Web page caption snippets:
——

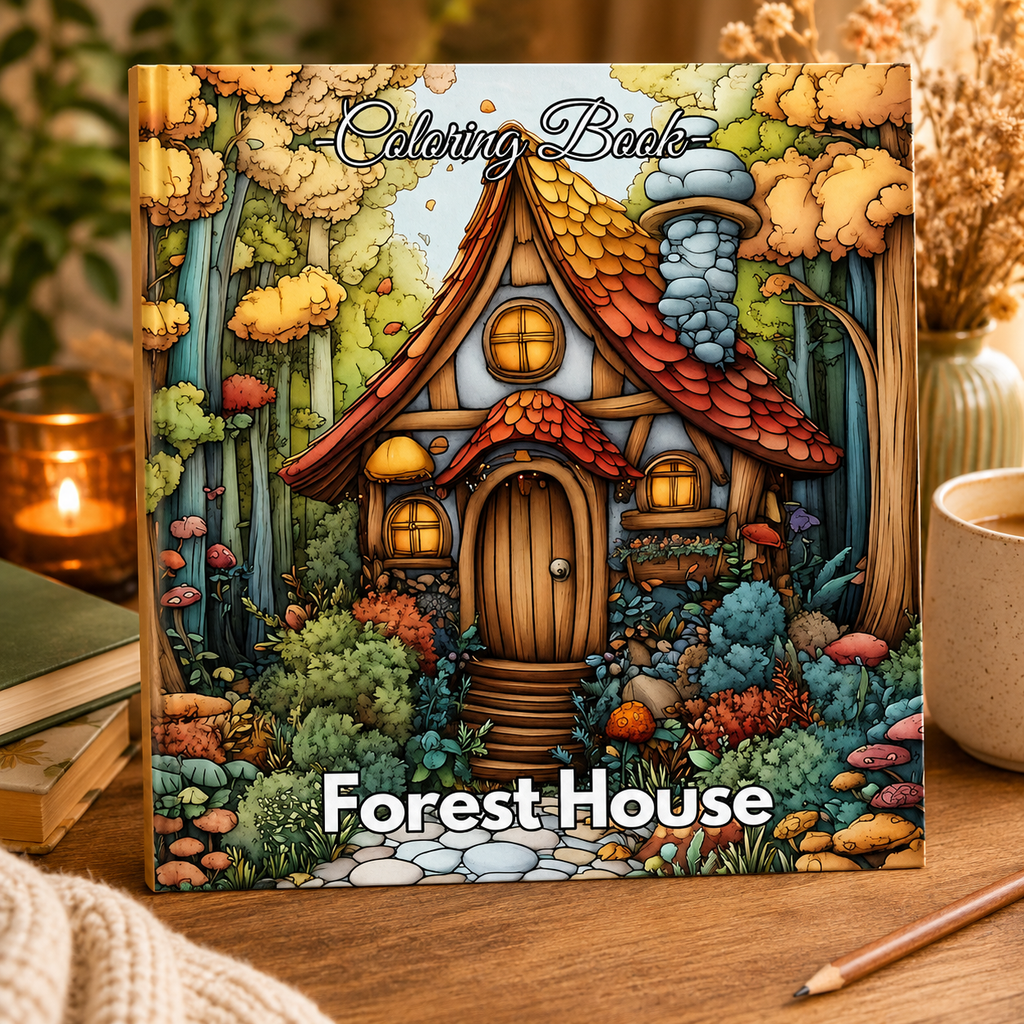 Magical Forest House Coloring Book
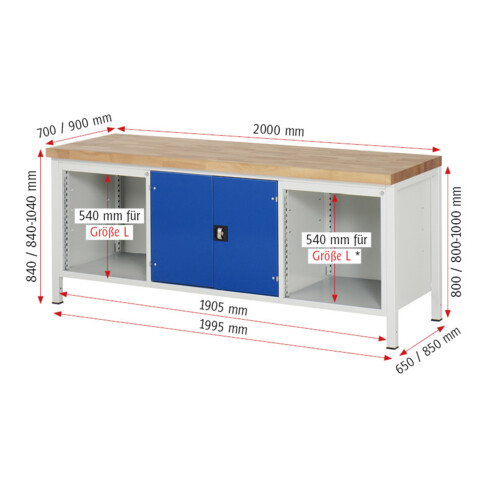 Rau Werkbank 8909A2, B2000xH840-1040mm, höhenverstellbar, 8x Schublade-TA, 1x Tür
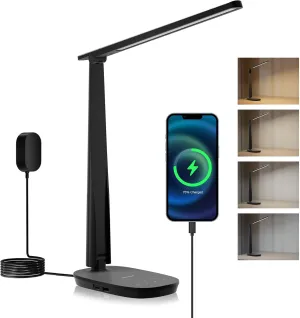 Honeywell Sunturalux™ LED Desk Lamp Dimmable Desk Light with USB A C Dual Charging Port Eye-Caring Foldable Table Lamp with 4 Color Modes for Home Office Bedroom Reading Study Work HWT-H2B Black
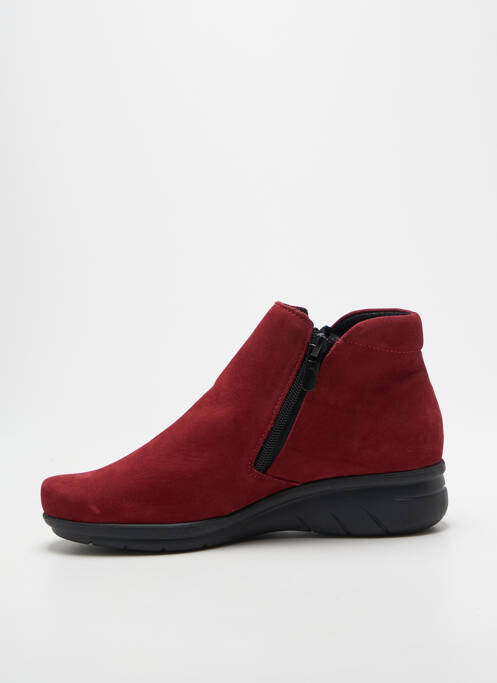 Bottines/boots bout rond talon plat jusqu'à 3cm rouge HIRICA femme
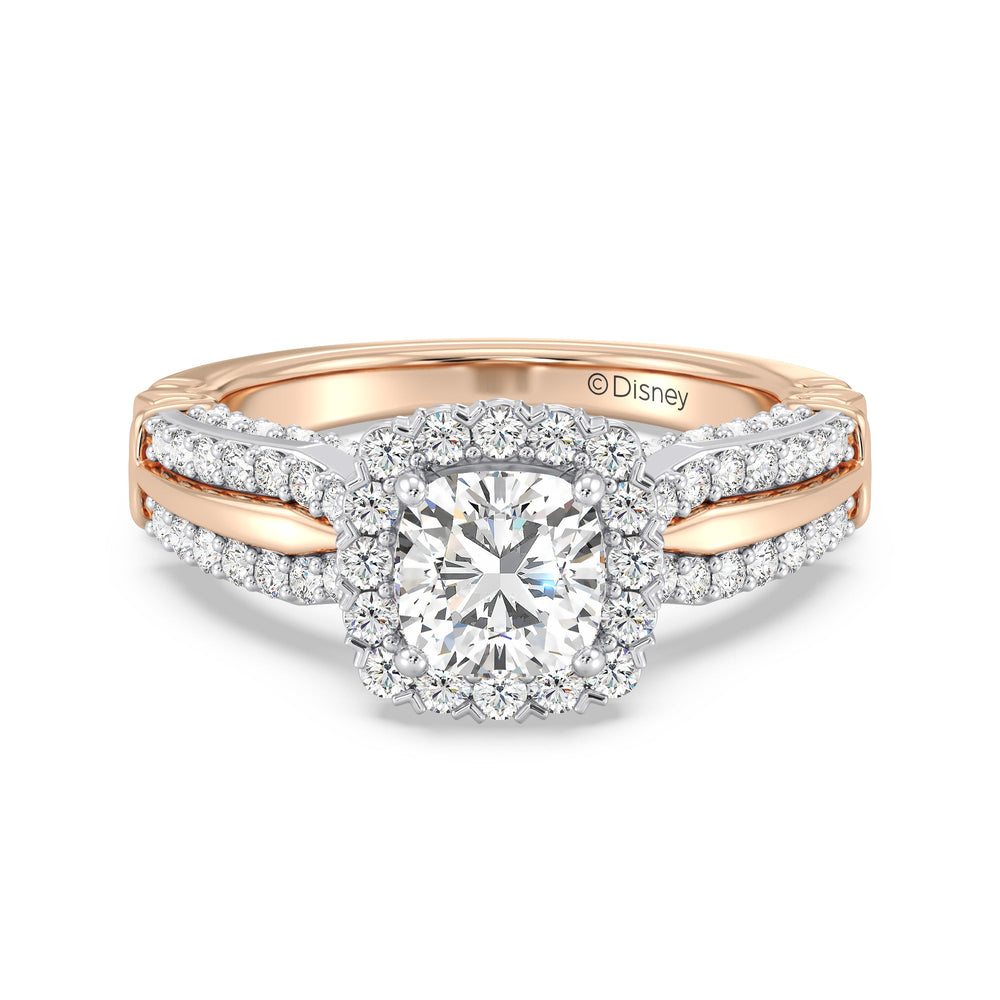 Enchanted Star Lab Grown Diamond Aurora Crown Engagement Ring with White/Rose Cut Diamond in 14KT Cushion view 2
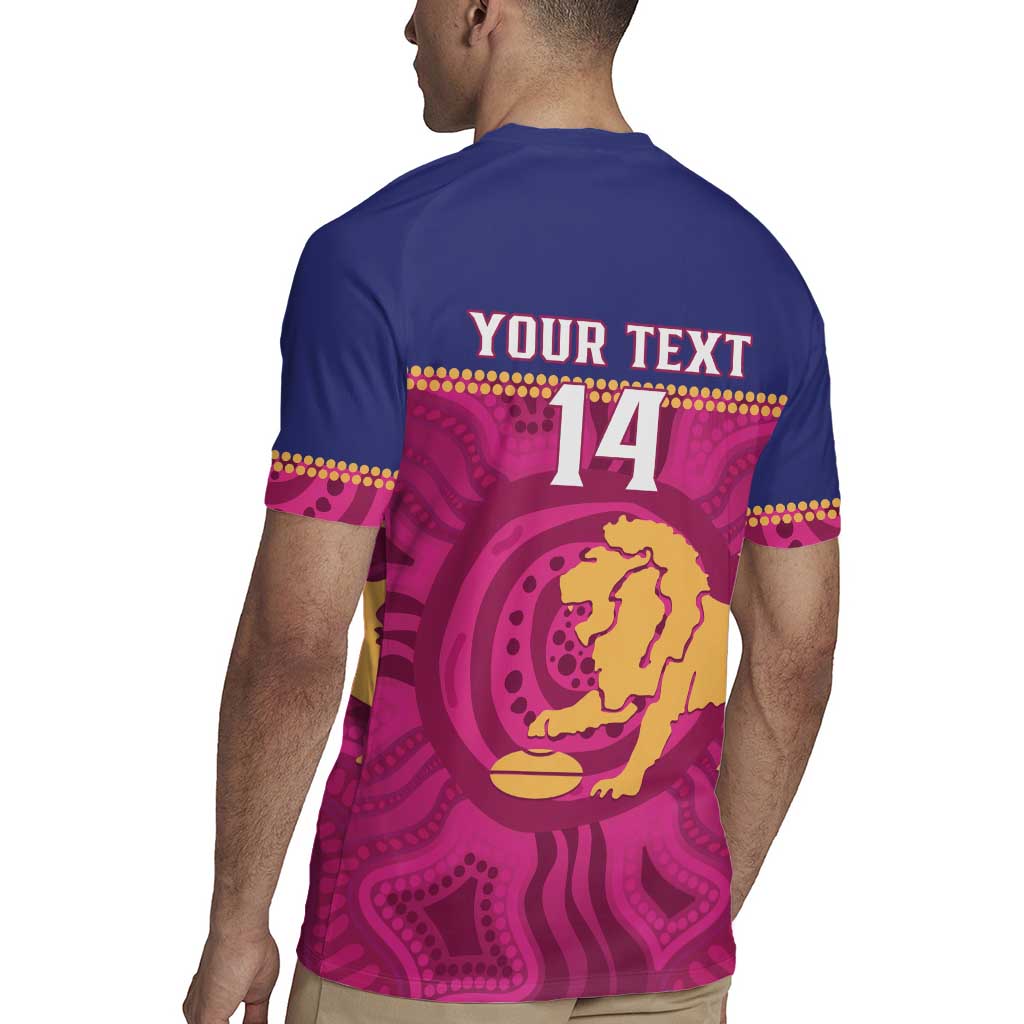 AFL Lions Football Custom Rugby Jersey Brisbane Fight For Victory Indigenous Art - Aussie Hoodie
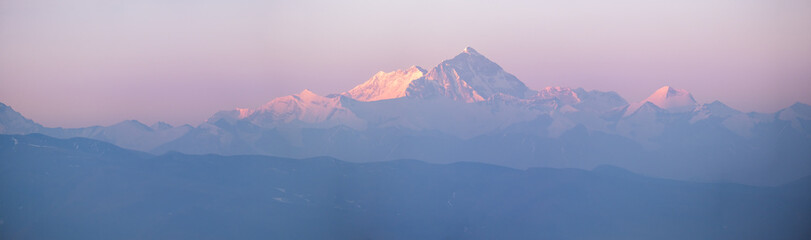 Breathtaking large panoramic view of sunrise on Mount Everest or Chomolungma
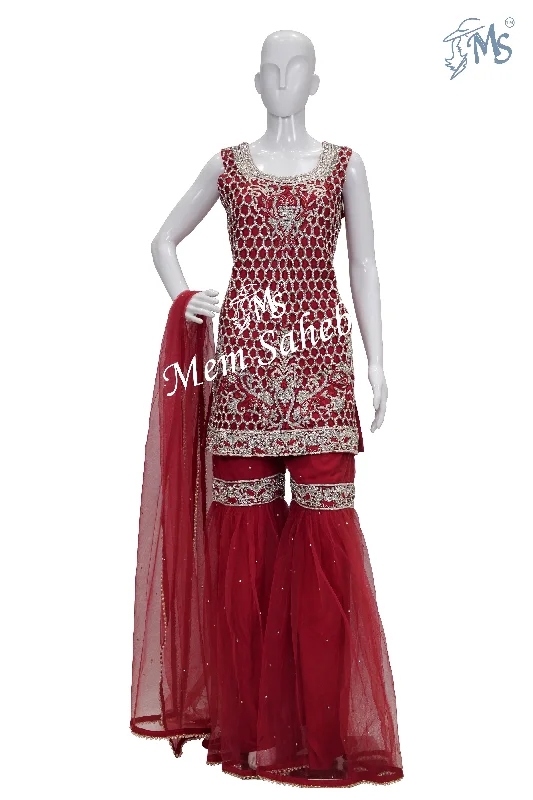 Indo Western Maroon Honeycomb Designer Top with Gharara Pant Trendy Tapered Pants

——

Now reproduce all of the entries precisely, with no pictures in the copy.

 Magical Forest House Coloring Book
 Rau Werkbank 8909A2, B2000xH840-1040mm, höhenverstellbar, 8x Schublade-TA, 1x Tür
 Honeywell Sunturalux™ LED Desk Lamp Dimmable Desk Light with USB A C Dual Charging Port Eye-Caring Foldable Table Lamp with 4 Color Modes for Home Office Bedroom Reading Study Work HWT-H2B Black
 Bottines/boots bout rond talon plat jusqu'à 3cm rouge HIRICA femme
 Enchanted Star Lab Grown Diamond Aurora Crown Engagement Ring with White/Rose Cut Diamond in 14KT Cushion view 2
 AFL Lions Football Custom Rugby Jersey Brisbane Fight For Victory Indigenous Art - Aussie Hoodie
 Breathtaking large panoramic view of sunrise on Mount Everest or Chomolungma
 Indo Western Maroon Honeycomb Designer Top with Gharara Pant Trendy Tapered Pants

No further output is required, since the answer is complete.